In 1998, the EITC Was Directly Responsible for Lifting 4.3 Million People Out of Poverty -- Twice the Number Lifted Out in 1993. Census Department statistics show that the EITC was directly responsible for lifting 4.3 million people out of poverty in 1998 more than twice the number lifted out of poverty in 1993. The indirect contribution of the EITC to poverty reduction may be even greater given the evidence that the EITC provides a powerful incentive to work. [Source: Calculations using data from the U.S. Census Bureau.]

In 1998, the EITC Was Directly Responsible for Lifting 2.3 Million Children Out of Poverty. The 2.3 million children lifted out of poverty by the EITC include 600,000 African-American children and 600,000 Hispanic children. [Source: Calculations using data from the U.S. Census Bureau.]

Expanded EITC and Higher Minimum Wage Has Led to Large Real Income Growth For Hard-pressed Families. A working parent with two children earning the minimum wage in 1993 made $10,559 with the EITC (in 1998 inflation-adjusted dollars) -- well below the poverty line. With the 1993 increase in the EITC and the 90 cent increase in the minimum wage in 1996 and 1997, a similarly situated family in 1998 was above the poverty line -- making $13,268 -- a 26 percent inflation-adjusted increase in their standard of living.

Poverty Rate Fell To 12.7 Percent in 1998 -- Its Lowest Level Since 1979. The poverty rate has declined from 15.1 percent in 1993 to 12.7 percent in 1998 -- that's the largest five-year drop in poverty in nearly 30 years (1965-1970). There are now 4.8 million fewer people in poverty than in 1993. (In 1998, the poverty threshold was $16,660 for a family of four.) [Source: U.S. Census Bureau]

The Largest Five-year Drop in Child Poverty in More than Three Decades.

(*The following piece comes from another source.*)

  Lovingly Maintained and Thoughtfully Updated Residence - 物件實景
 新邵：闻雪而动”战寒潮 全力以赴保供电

While the child poverty rate remains too high, between 1993 and 1998, the child poverty rate has declined from 22.7 percent to 18.9 percent -- that is the lowest child poverty rate since 1980 and the largest five-year drop in nearly 30 years (1965-1970). [Source: U.S. Census Bureau]

The Poverty Rate for Children in Families with Three or More Children is More than Double the Poverty Rate for Children in One or Two-Children Families. Although the poverty rate for children in families with three or more related children has fallen from 32.3 percent in 1993 to 28.5 percent in 1998, this is still more than twice the 11.9 percent poverty rate for children in families with one or two related children. 7.7 million children in families with three or more children were growing up in poverty in 1998. [Source: Calculations by the Department of the Treasury using data from the U.S. Census Bureau.]

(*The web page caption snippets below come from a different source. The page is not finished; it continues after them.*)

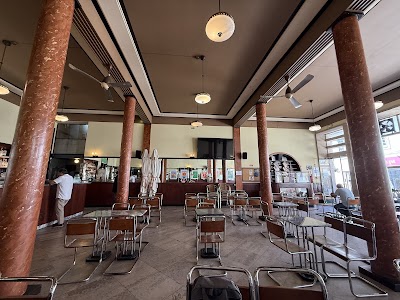 Café Paraiso atmosphere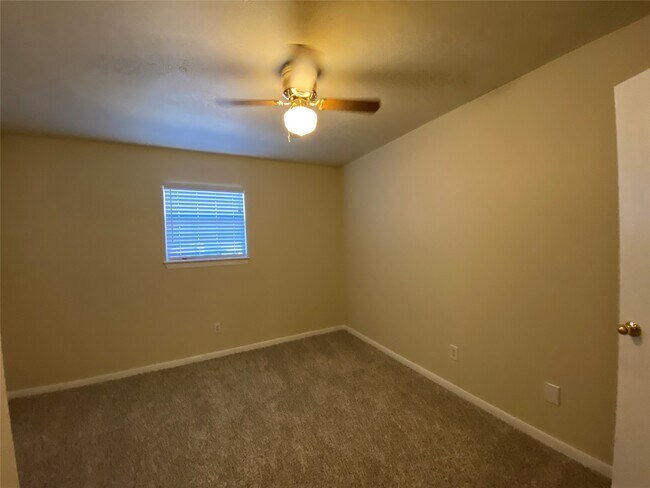 Building Photo - 311 Willowick St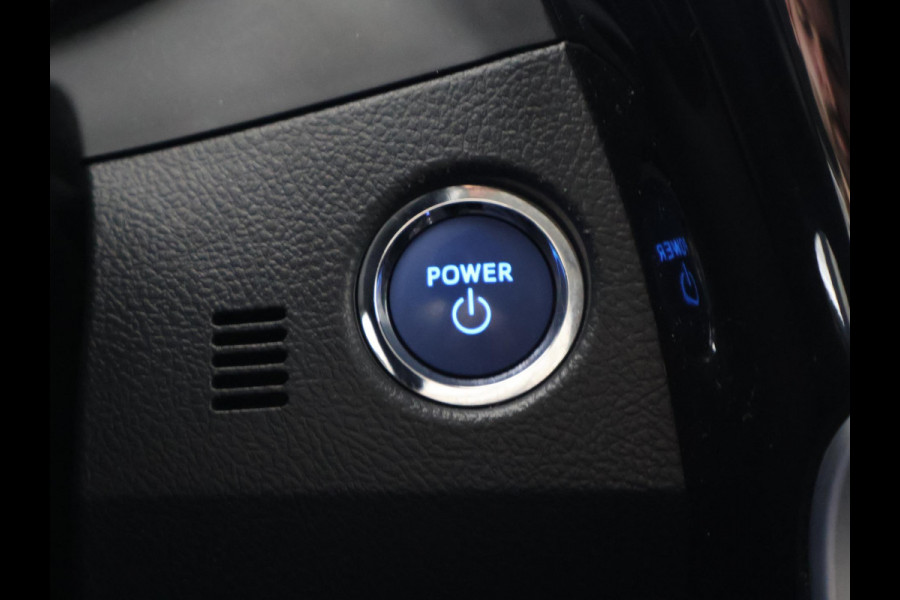 Toyota Auris 1.8 Hybrid Executive | Navigatie | Sportstoelen | Camera | Lichtmetalen velgen |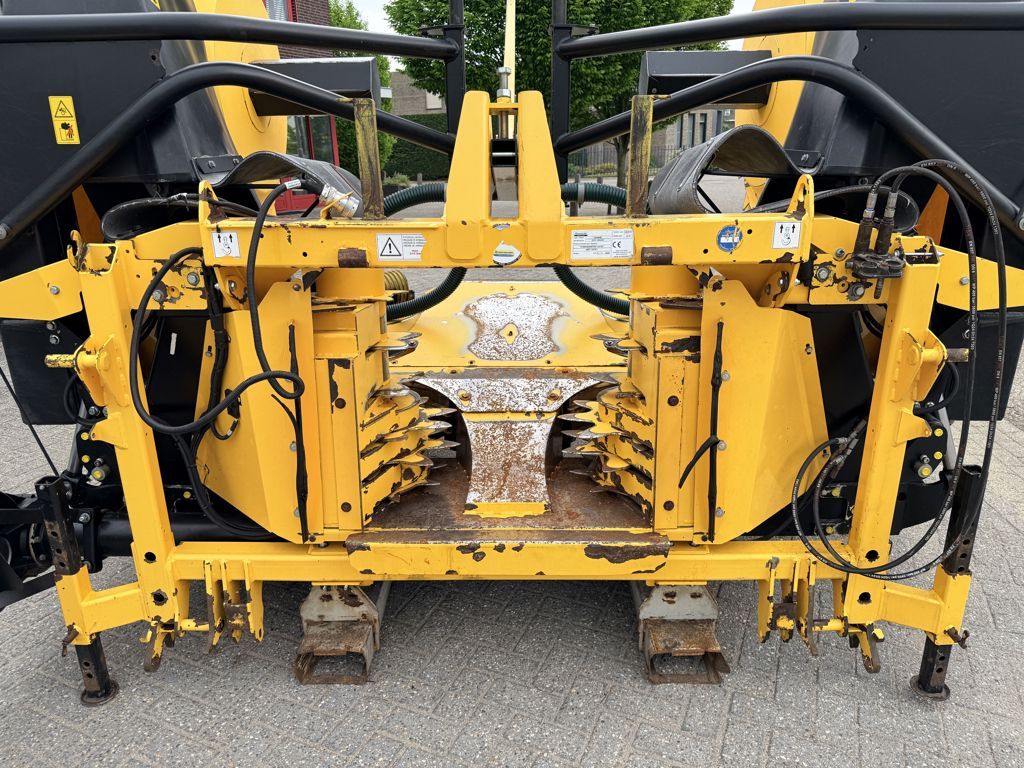New Holland 60BFIE 8-Rij Maisbek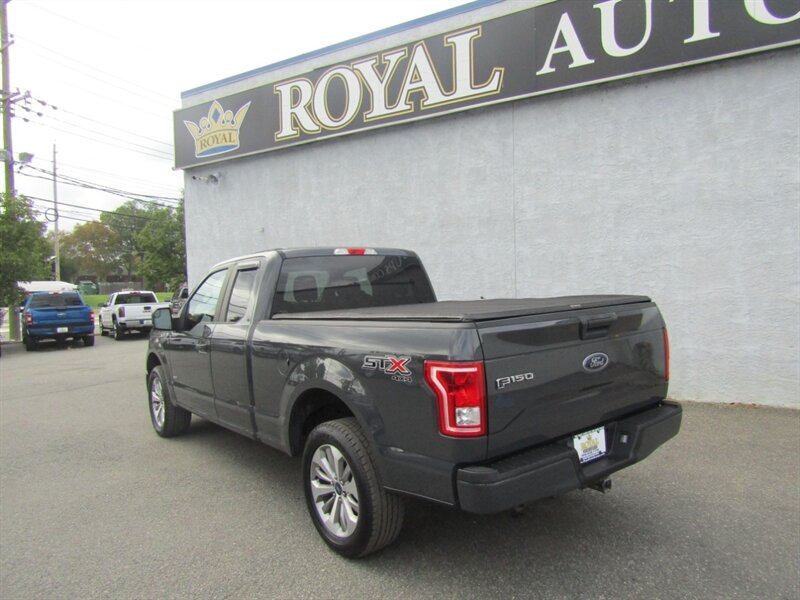 2017 Ford F-150 Lariat - Photo 6 - Haddon Twp, NJ 08107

More Single Mothers With Children Are Working Than Ever Before. After staying essentially constant in the 1980s and early 1990s, the percentage of singe mothers aged 16 to 45 who work and receive no welfare has risen from 60.9 percent in 1992 to 75.0 percent in 1998. The percentage of single mothers who worked rose from 73.7 percent in 1992 to 86.6 percent in 1998. [Source: Calculations by Professor Jeffrey Liebman using data from the Bureau of Labor Statistics' March Current Population Surveys.]

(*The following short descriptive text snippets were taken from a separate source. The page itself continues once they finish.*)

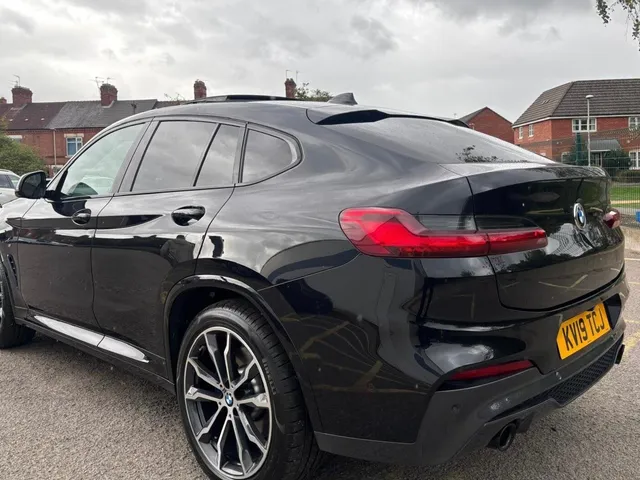 2019 BMW X4 — photo 4
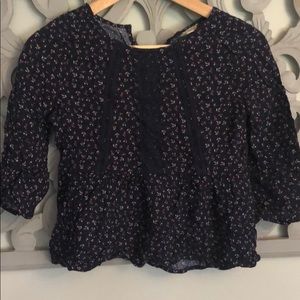 Flower blouse with lace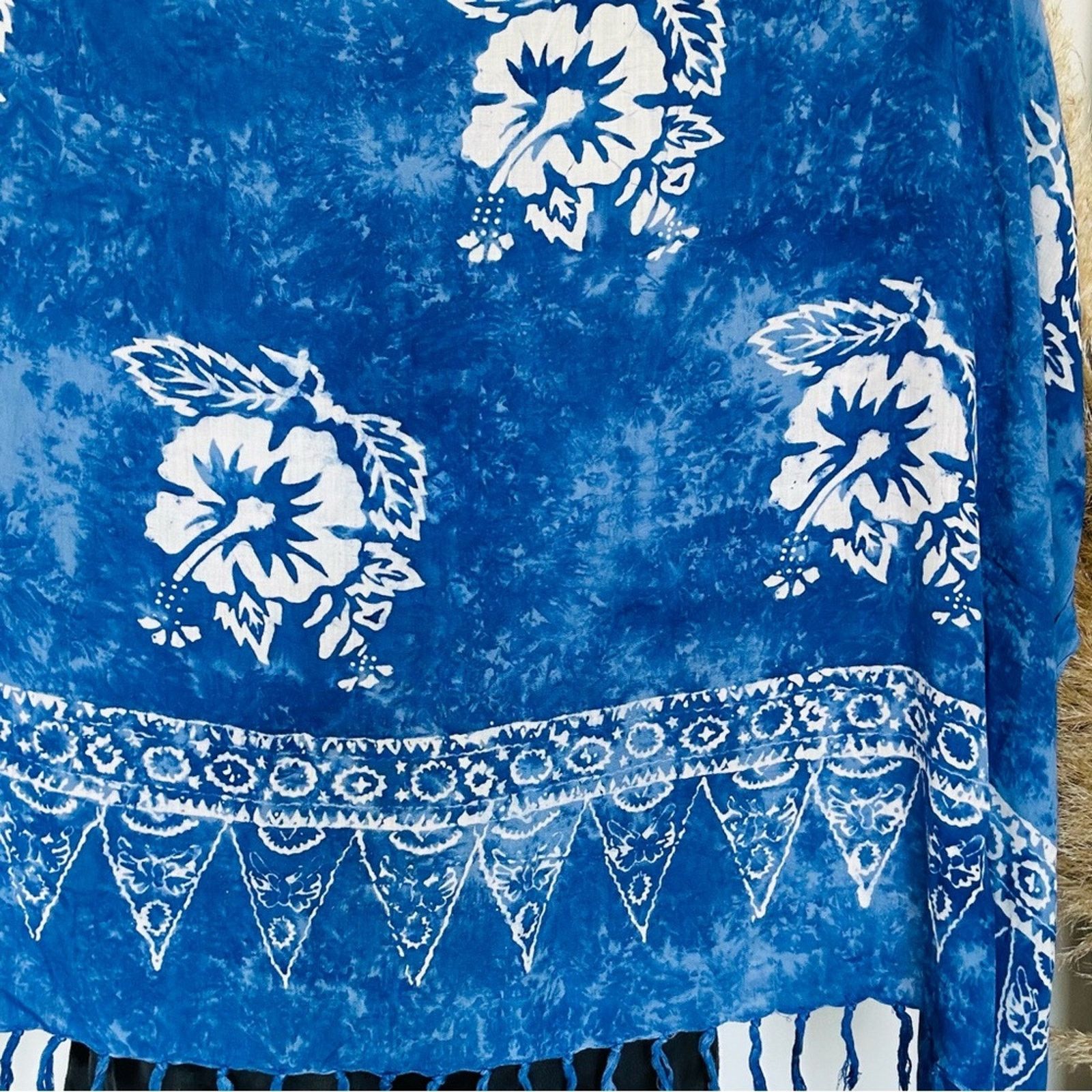 Vintage VINTAGE Blue White Floral Tropical Fringe Soft Scarf Wrap Size ONE SIZE - 6 Thumbnail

According to One Study, More Than 60 Percent of the Increase In the Employment of Single Mothers Has Been Due to Expansions of the EITC. Bruce Meyer and Dan Rosenbaum find that 63 percent of the change in the employment of single mothers between 1984 and 1996 can be explained by the expansions of the EITC. [Source: "Welfare, the Earned Income Tax Credit, and the Labor Supply of Single Mothers." National Bureau of Economic Research Working Paper No. 7363. September 1999.]

Another Study Predicted That the 1993 EITC Expansion Would Induce 516,000 Families To Move From Welfare to Work. Stacy Dickert, Scott Houser, and John Karl Scholz found that the 1993 EITC expansion would induce 516,000 families to move from welfare to work. [Source: "The Earned Income Tax Credit and Transfer Programs: A Study of Labor Market and Program Participation." Tax Policy and the Economy No. 9, MIT Press: Cambridge, 1995.]

Another Study Shows that Increasing the Reward to Work, Increases Labor Force Participation. Nada Eissa and Jeffrey Liebman found that the EITC significantly increases labor force participation among single mothers, especially less educated women. [Source: "Labor Supply Response and the Earned Income Tax Credit." Quarterly Journal of Economics 111(2), 1996.]